# What to produce:
When you reproduce the data, keep every word exactly as it stands and leave the pictures out.

# Data section:
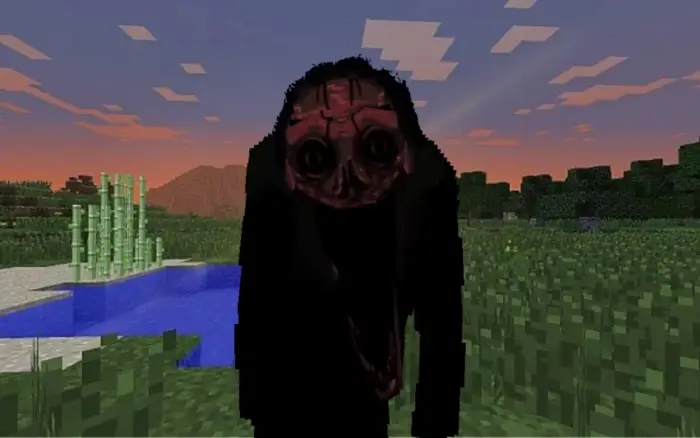 Terrifying black humanoid horror creature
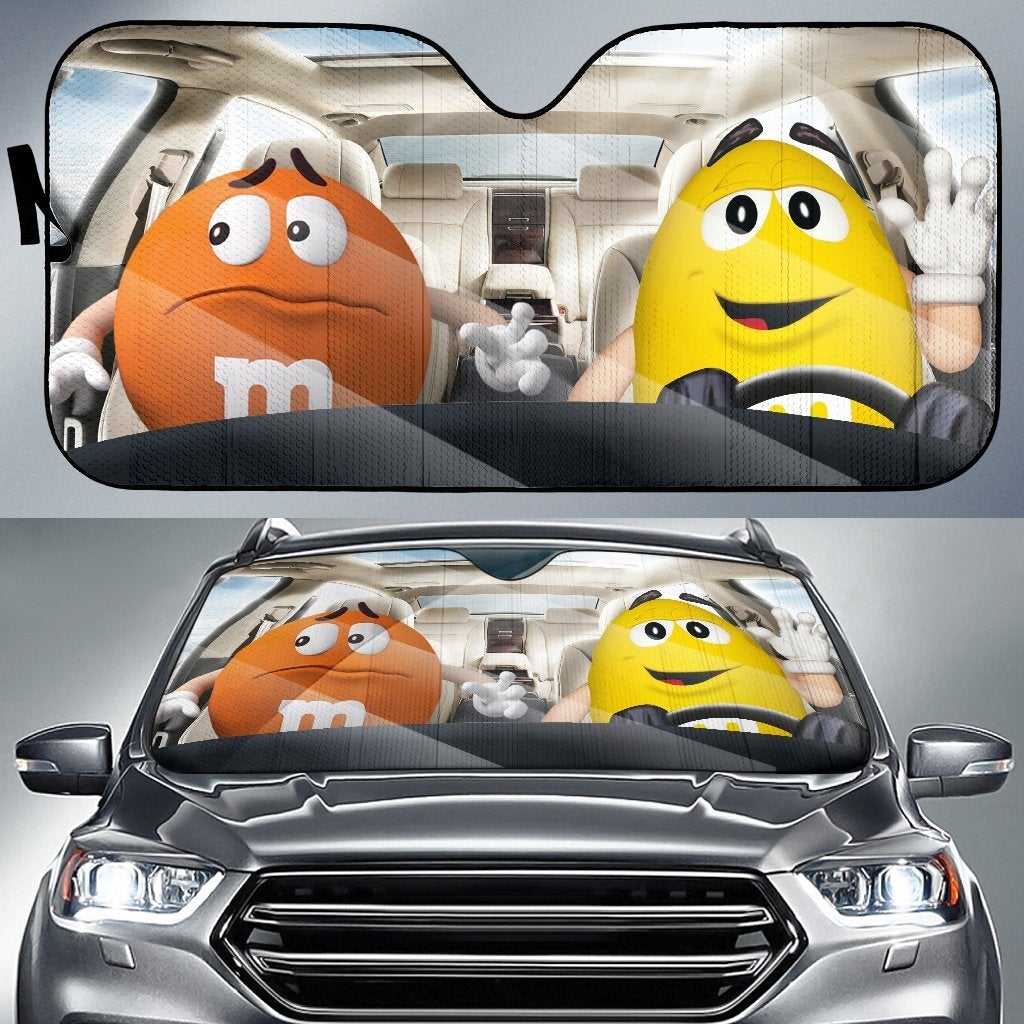 Funny M&M Chocolate Orange Yellow Driving Car Auto Sunshade
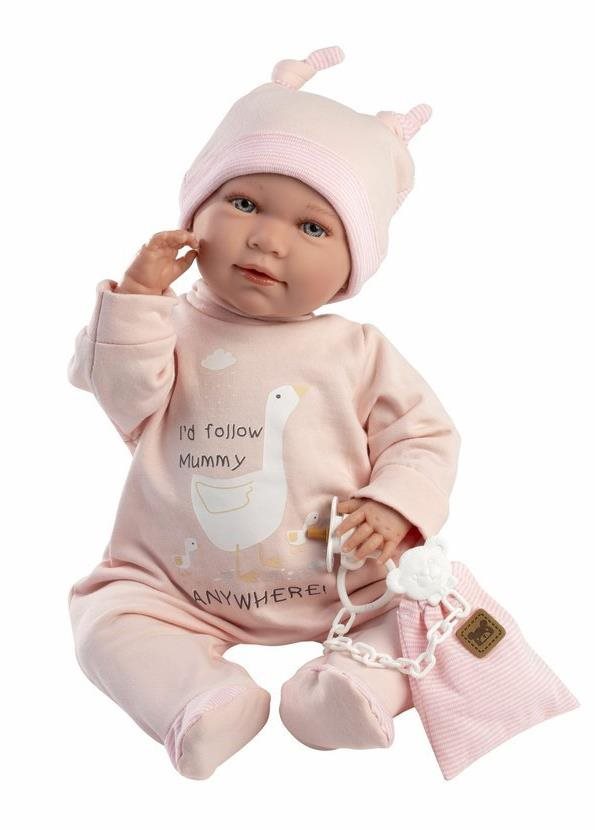 Llorens 74108 New Born - realistická panenka miminko se zvuky a měkkým látkovým tělem - 42 cm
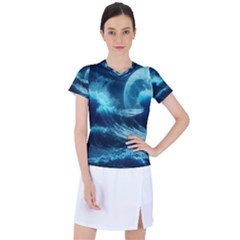 Moonlight High Tide Storm Tsunami Waves Ocean Sea Women s Sports Top by Ravend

# Answer section:
 Terrifying black humanoid horror creature
 Funny M&M Chocolate Orange Yellow Driving Car Auto Sunshade
 Llorens 74108 New Born - realistická panenka miminko se zvuky a měkkým látkovým tělem - 42 cm
 Moonlight High Tide Storm Tsunami Waves Ocean Sea Women s Sports Top by Ravend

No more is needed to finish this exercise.